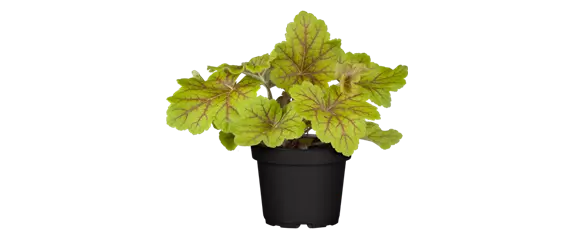 EIN KUNTERBUNTER HERBST! EIN KUNTERBUNTER HERBST!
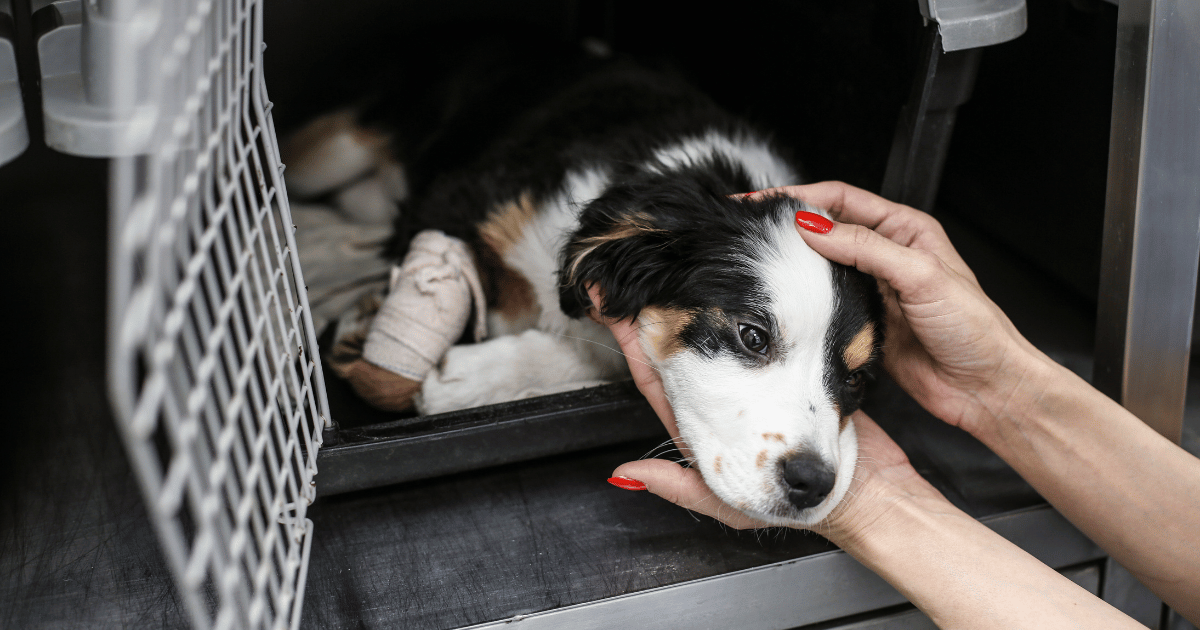 A rescue dog lies safe in a carrier and gets the love they deserve.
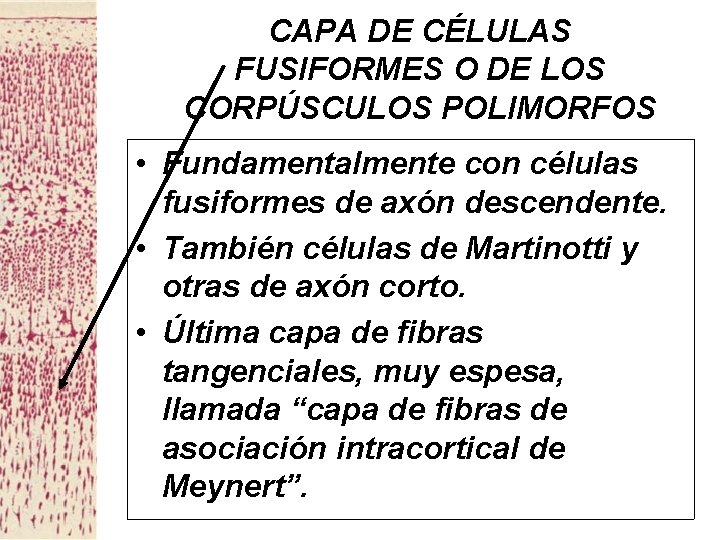 CAPA DE CÉLULAS FUSIFORMES O DE LOS CORPÚSCULOS POLIMORFOS • Fundamentalmente con células fusiformes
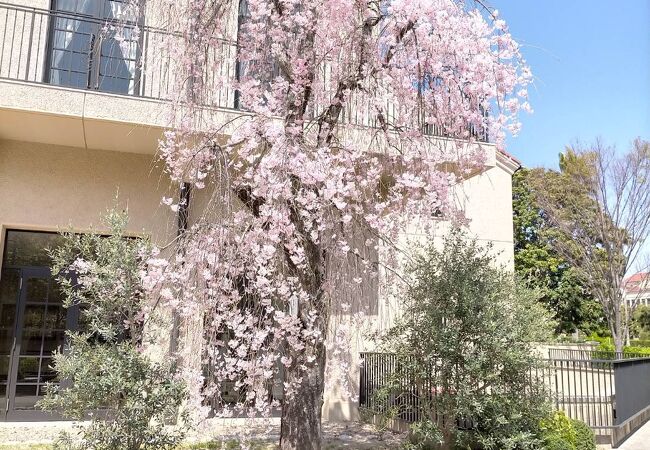 校内の垂れ桜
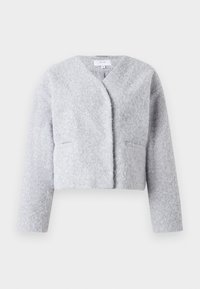 Veste courte gris clair à manches longues avec une texture duveteuse, col en V, sans boutons ni fermetures éclair visibles.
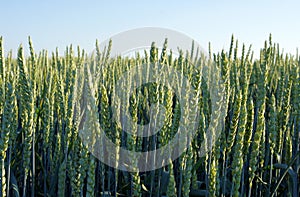 Unripe green spikes of wheat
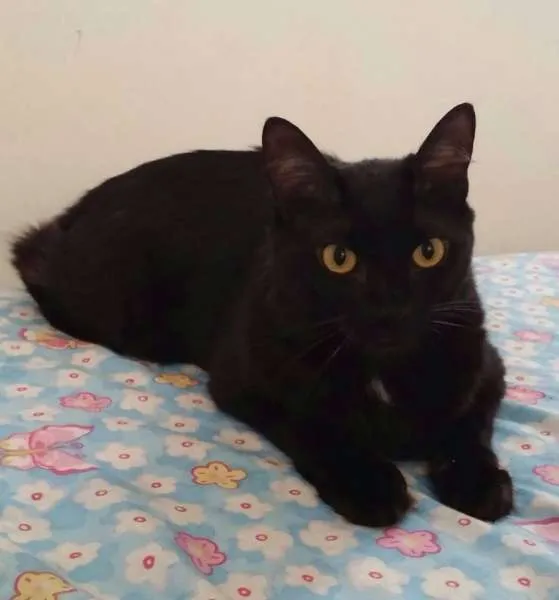 Gato raça SRD idade 2 anos nome Albert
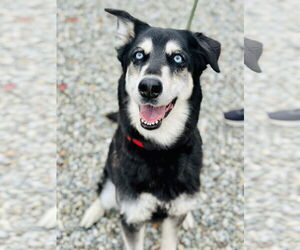 Siberian Husky-Unknown Mix Dogs for adoption in Jackson , NJ, USA
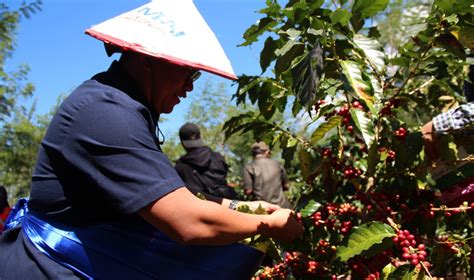 Produksi Kopi Naik Harga Meningkat Hingga Jadi Juara Dunia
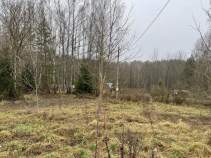 Купить участок 40.0 соток Московская область, Серпухов городской округ, Данки мест., Купить участок 40.0 соток , фотография 9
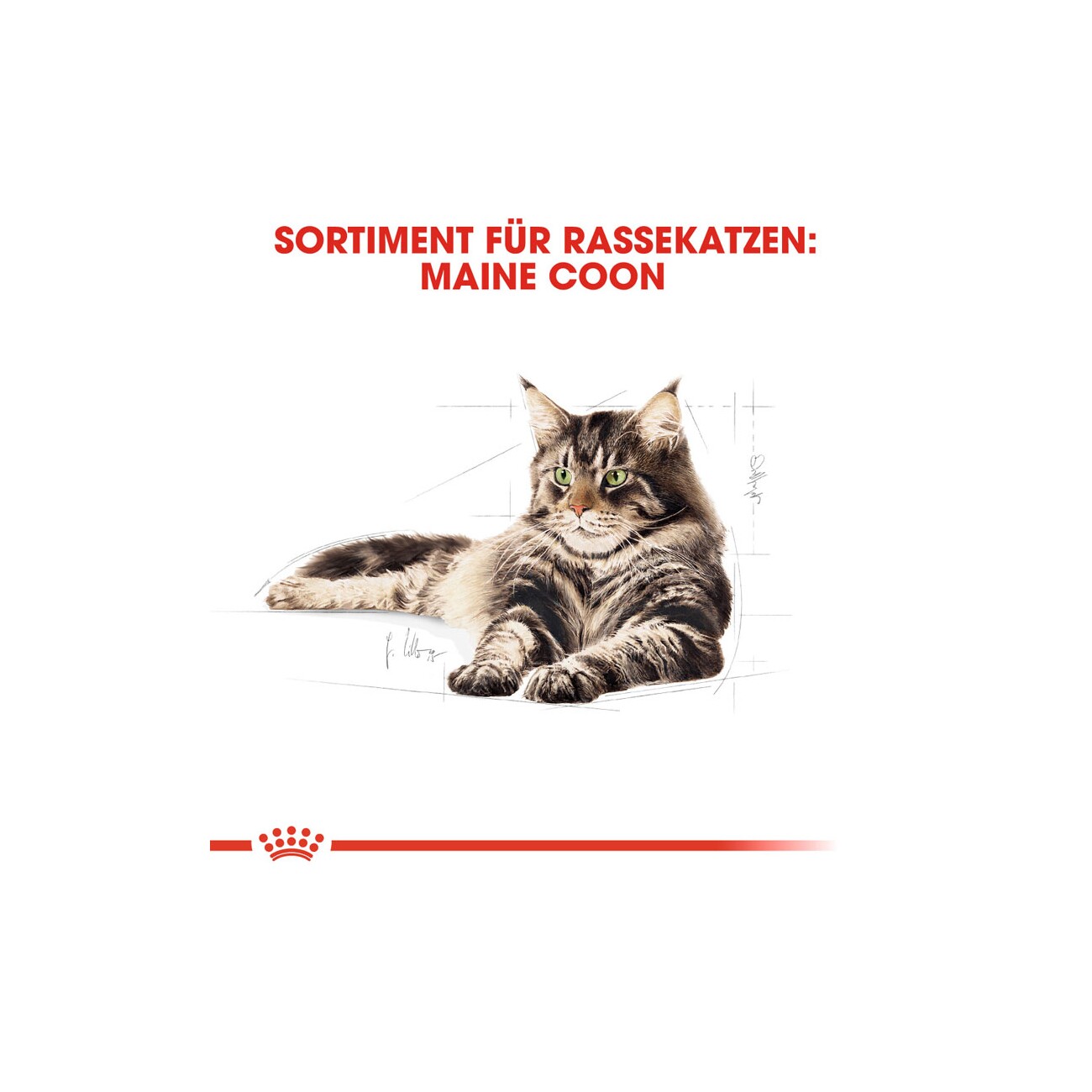 ROYAL CANIN Maine Coon Adult 400 g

■ ■ ■ ■ ■

» **Activity**
Retype verbatim only the lines beginning with the line that contains "Siberian Husky-Unknown Mix" and ending with the last line of the listing above; pictures are to be excluded.

» **Answer space**
 Siberian Husky-Unknown Mix Dogs for adoption in Jackson , NJ, USA
 Produksi Kopi Naik Harga Meningkat Hingga Jadi Juara Dunia
 Купить участок 40.0 соток Московская область, Серпухов городской округ, Данки мест., Купить участок 40.0 соток , фотография 9
 ROYAL CANIN Maine Coon Adult 400 g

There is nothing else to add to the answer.